Thanks for the advice guys ..... I will give some of these a go at the weekend











pugster said:


> best way to run these programs is in safe mode -by pressing f8 on boot-some spyware is memory resident and will not be removed,also make sure to turn off system restore or you will just keep reinfecting everytime you boot.


pugster I know about safe-mode but how do I turn off system restore??


----------



## rhaythorne (Jan 12, 2004)

Right-click My Computer, select Properties and then, from the System Restore tab, tick the "Turn off System Restore" check box:










[EDIT]Sorry pug, didn't think you were around so chipped in  [/EDIT]


----------



## pugster (Nov 22, 2004)

> pugster I know about safe-mode but how do I turn off system restore??


right click my comp ,select propertys, and you will see the 'restore' option ,uncheck it.

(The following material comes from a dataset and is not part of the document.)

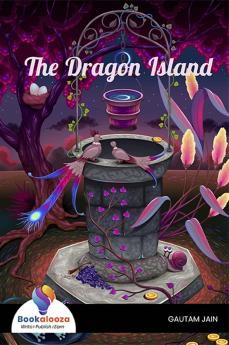 The Dragon Island - Bookalooza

personally i dont use it at all and use another back up program,it takes up disc space when you can just do an image on disc,any probs let me know.


----------



## Mrcrowley (Apr 23, 2003)

Control Panel

System

System retore tab

Check switch off box.


----------



## pugster (Nov 22, 2004)

lol beat me too it while i was typing


----------



## Mrcrowley (Apr 23, 2003)

OK guys - did I tell it right?


----------



## rhaythorne (Jan 12, 2004)

...and three different answers too









Yes Mr.C, you told it right. With Windows there're usually about half-a-dozen different ways of accomplishing the same task.


----------



## pugster (Nov 22, 2004)

yes mrcrowley you were right







,as stated theres lotsa ways to get to it


----------